After meeting his students, Beal developed a course to introduce science using a fun, question-and-answer approach while utilizing electronics problems and demonstrations as examples. For many students, this was their first science class.
“I reinforced remedial mathematics by sneaking topics into the electronics problems, so they had a motivation to add, subtract, use exponents and understand algebra,” he says.
“I have talked to the students about the fundamentals, as well as the advantages of using the binary number system in machines and circuits,” he added.
But Beal quickly learned that making concepts accessible did not necessarily mean making them easy.
“At first, I made the mistake of making the problems too easy, thinking that it would make the material more accessible. Students had to read for them and find them, but the answers were there,” he explains. “There wasn’t a whole lot of critical thinking; it was basically whether they could fish through the material, and give me an answer on an assignment easily.”
Beal was not getting thorough homework submissions, although the assignments were easy. He began reading about adult education and found that the material does not need
to be easy. If it is, it is less challenging and less valuable to the students.
“Part of making it accessible was helping them to formulate a good question,” he says. “I’d say, ‘Let’s reword your question so you get more out of your answer.’ Your answer can only be as good as your question.”

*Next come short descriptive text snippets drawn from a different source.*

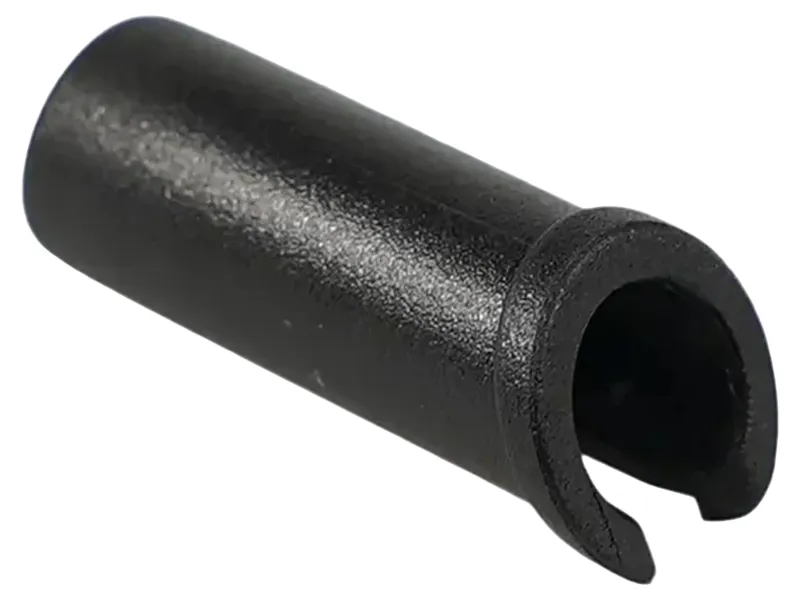 Specialized Angled Internal Brake Cable Routing Grommet 7.8mm OD x 5.2mm ID x 21.5mm in Black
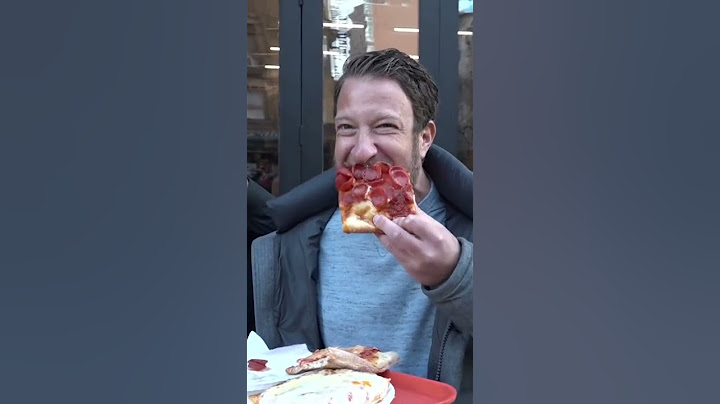 Nothing Like A Good Ol' Fashioned Pizza Recipe Controversy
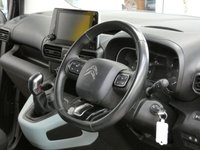 USED 2020 70 CITROEN BERLINGO 1.5 BLUEHDI FLAIR XL S/S 5d 101 BHP 7 SEAT SAT NAV CRUISE CONTROL PARKING SENSORS 1 OWNER EXCELLENT SERVICE HISTORY WARRANTY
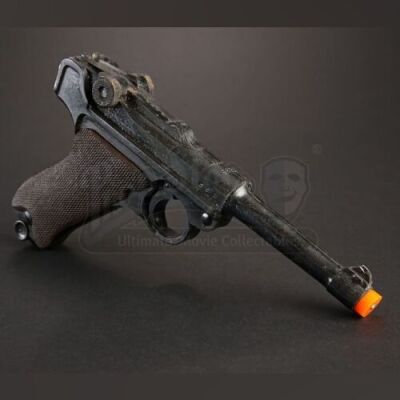 Luger P08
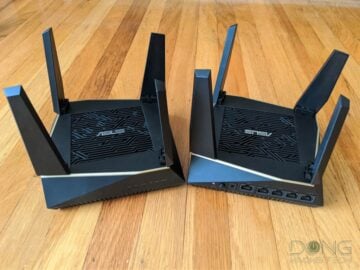 Asus RT-AX92U 2 Antennas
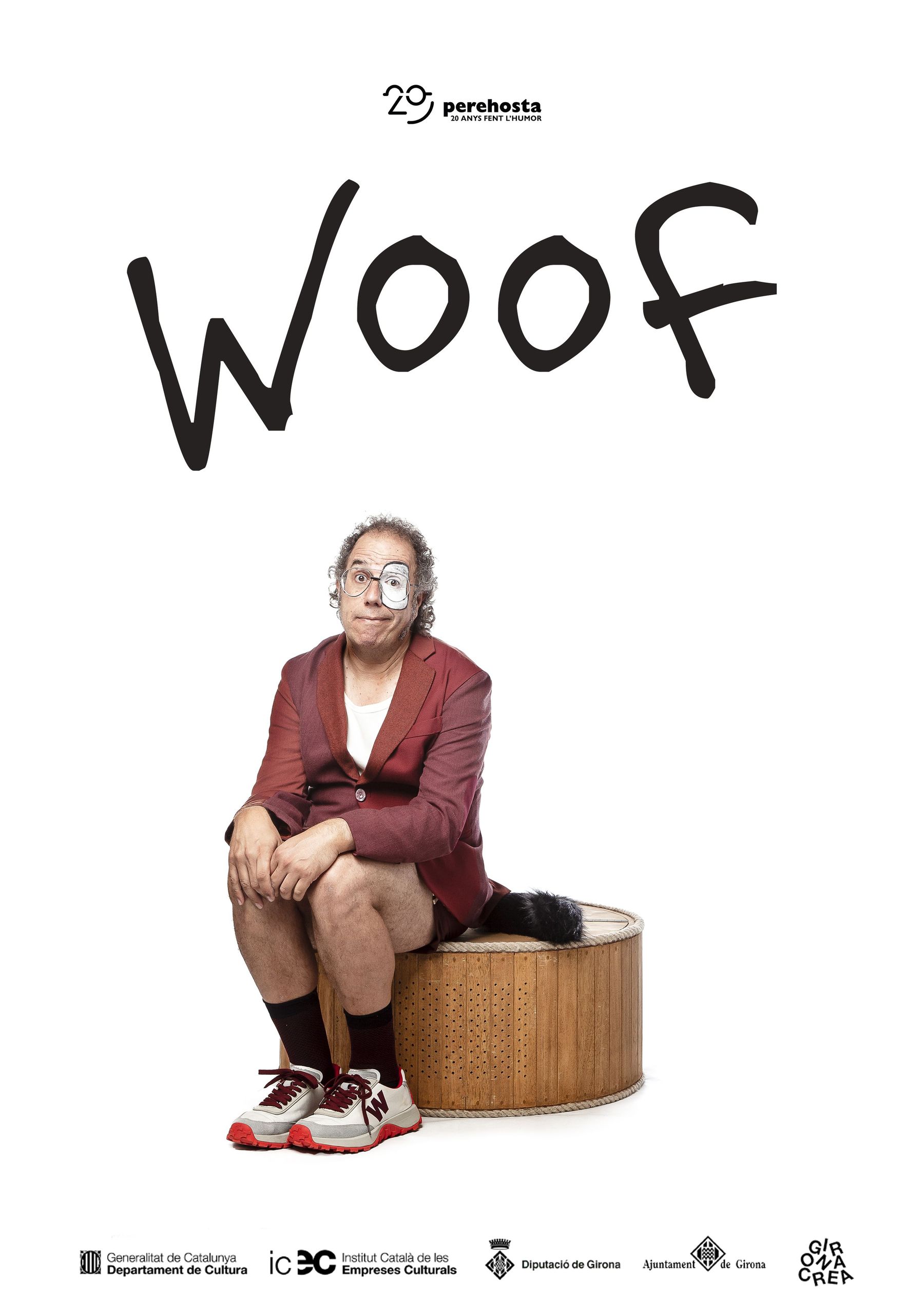 Woof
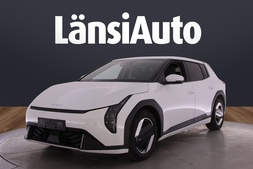 heti ajoon Kia EV4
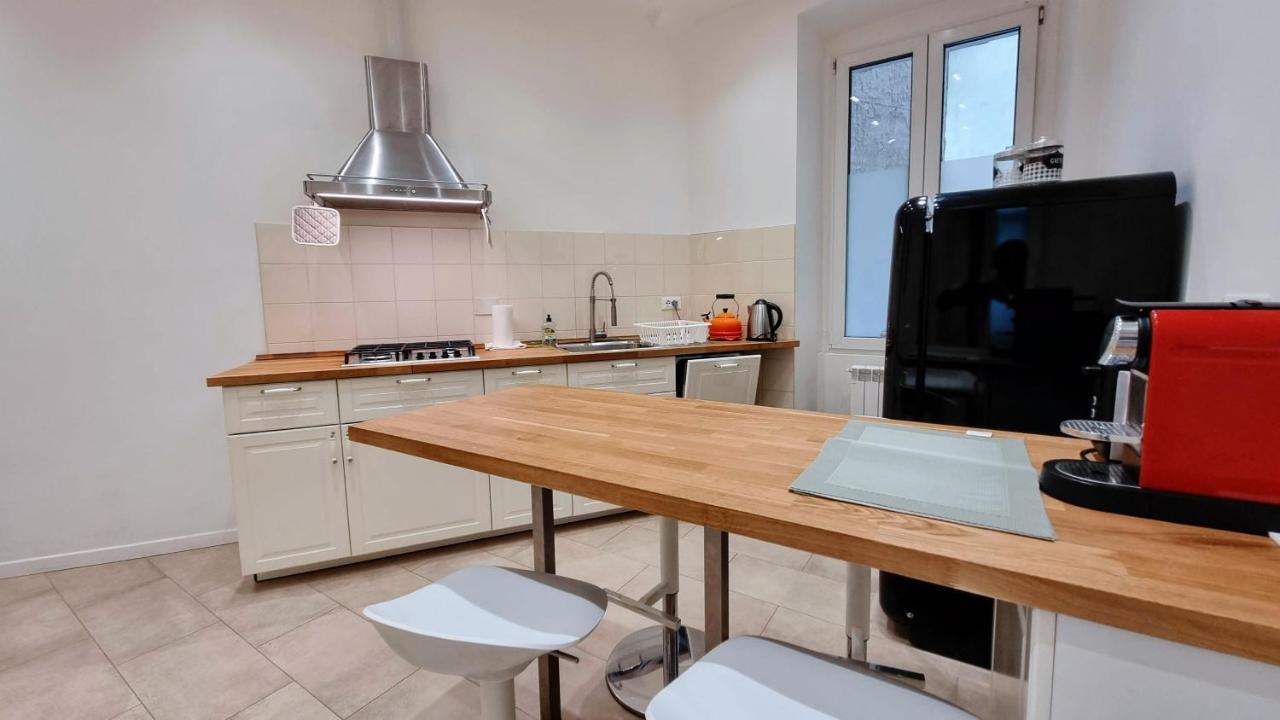 شقة La Casa Dei Leoni ترييستي المظهر الخارجي الصورة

Because of the varying educational backgrounds, Beal was often challenged with explaining concepts in different ways to meet everyone’s needs.
“Someone asked me, ‘So why is it that whenever you multiply a positive number times a positive number you get a positive number, a positive times a negative is a negative, a negative times a positive is a negative, but a negative times a negative is a positive?’” Beal recalls.
“If you want to teach that to somebody without much math background, and you have this rule of why that is true, the rule doesn’t mean anything to them,” he explains. “You can tell them to just remember the rule, or show all these theories and ways to prove that it’s true, but that gets too complicated for teaching remedial mathematics, so I just used a circuit to show them. I have to have so many examples ready for each lecture and concept.”
Then . . . Beal started giving his students the hard problems.
“I saw results from that, which was counterintuitive to me,” he says. “I thought I was making it less accessible, but they weren’t coming to class to learn something easy. I almost underestimated the students.”
Pushing the limits more, and proving what he found to be true, Beal gave his students a hard take-home test — and one student scored better than he did. “I was so proud,” he says.